_TASK REQUIREMENTS_
Using the data below, output a verbatim copy of the lines between the one holding "寿司大 - 定番のシマアジ" and the one holding "Raintree Lane Farm", inclusive, without any pictures.

_DATASET ENTRIES_
----------------

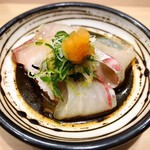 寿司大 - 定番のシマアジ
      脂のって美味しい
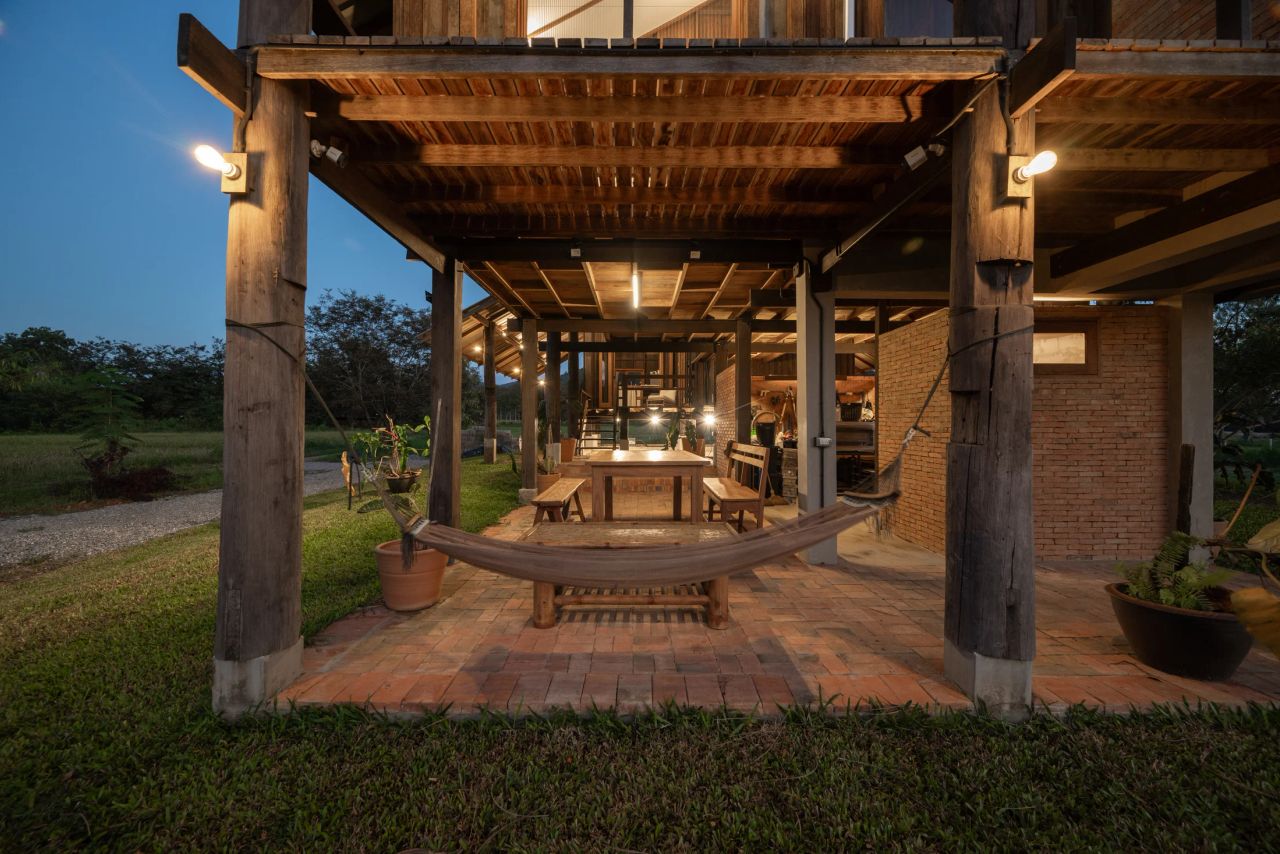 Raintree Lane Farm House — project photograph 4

----------------

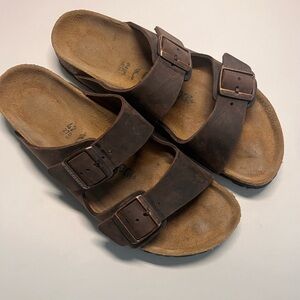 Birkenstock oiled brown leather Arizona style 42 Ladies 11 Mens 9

----------------

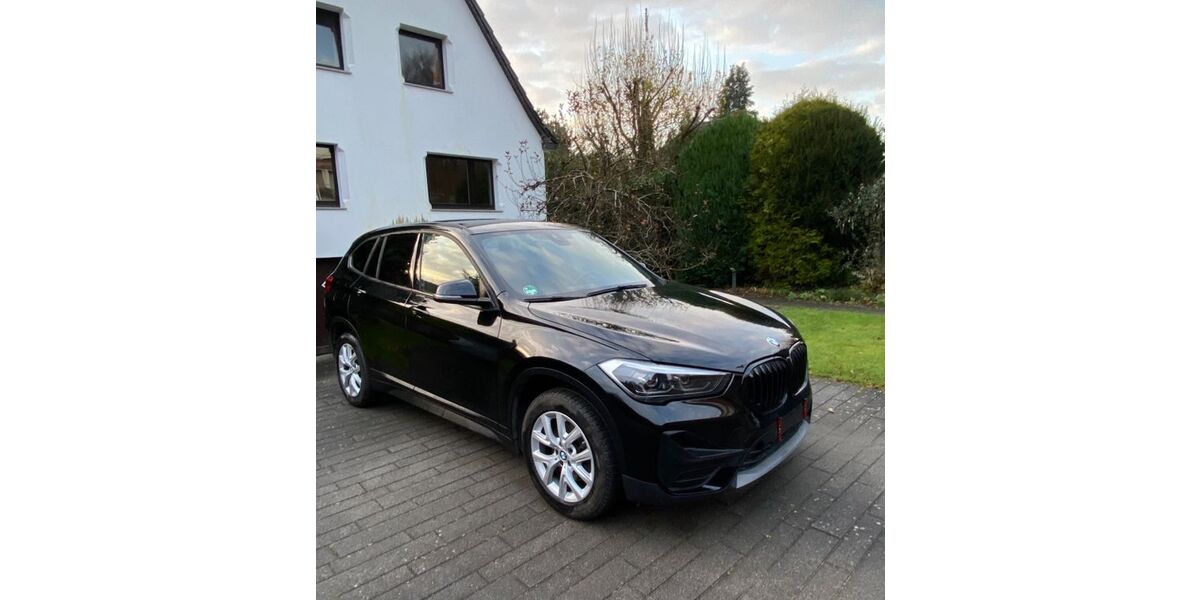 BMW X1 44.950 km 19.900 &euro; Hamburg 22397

----------------

_THE ANSWER_
 寿司大 - 定番のシマアジ
      脂のって美味しい
 Raintree Lane Farm House — project photograph 4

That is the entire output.